WHAT TO PRODUCE. Search the entries below for the word "messages" and copy each line that has it.

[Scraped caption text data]
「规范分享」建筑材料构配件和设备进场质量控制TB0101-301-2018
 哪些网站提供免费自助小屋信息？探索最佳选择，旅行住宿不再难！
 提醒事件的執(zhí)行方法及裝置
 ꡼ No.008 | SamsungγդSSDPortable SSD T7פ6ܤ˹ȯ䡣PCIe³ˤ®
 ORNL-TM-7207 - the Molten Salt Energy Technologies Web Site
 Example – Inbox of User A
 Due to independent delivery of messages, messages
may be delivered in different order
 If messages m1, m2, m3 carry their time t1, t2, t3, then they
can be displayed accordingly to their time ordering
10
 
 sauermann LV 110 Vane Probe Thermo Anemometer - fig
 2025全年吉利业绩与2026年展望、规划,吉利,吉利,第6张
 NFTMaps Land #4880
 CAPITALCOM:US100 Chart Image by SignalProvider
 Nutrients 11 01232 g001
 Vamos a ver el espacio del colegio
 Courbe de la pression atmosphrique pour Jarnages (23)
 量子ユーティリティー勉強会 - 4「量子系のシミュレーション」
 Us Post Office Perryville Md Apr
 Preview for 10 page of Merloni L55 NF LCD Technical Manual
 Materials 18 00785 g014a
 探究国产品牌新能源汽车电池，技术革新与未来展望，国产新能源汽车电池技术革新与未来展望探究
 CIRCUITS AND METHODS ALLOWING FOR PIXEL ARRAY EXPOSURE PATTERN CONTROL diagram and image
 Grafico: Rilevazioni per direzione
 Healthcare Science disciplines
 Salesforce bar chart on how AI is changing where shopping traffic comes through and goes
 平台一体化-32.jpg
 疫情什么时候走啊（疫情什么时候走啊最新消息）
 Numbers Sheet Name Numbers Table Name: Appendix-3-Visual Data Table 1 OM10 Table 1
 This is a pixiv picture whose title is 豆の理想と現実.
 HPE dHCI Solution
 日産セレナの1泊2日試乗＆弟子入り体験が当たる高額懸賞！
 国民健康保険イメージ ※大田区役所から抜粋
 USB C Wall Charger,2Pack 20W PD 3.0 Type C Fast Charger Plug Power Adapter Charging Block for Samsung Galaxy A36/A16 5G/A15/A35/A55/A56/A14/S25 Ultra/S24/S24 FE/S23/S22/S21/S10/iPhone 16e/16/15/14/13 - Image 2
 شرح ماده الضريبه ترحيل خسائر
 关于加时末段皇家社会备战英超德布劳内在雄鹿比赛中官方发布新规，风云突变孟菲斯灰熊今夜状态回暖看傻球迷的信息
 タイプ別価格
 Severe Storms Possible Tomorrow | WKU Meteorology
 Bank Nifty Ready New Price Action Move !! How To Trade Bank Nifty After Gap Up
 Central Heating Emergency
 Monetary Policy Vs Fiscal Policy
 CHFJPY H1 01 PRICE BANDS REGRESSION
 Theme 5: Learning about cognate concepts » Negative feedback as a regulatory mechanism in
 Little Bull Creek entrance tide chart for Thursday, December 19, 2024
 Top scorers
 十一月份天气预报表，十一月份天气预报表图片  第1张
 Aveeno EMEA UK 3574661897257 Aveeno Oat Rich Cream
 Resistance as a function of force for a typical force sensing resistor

RESPONSE FOR THIS EXERCISE.
 Due to independent delivery of messages, messages
 If messages m1, m2, m3 carry their time t1, t2, t3, then they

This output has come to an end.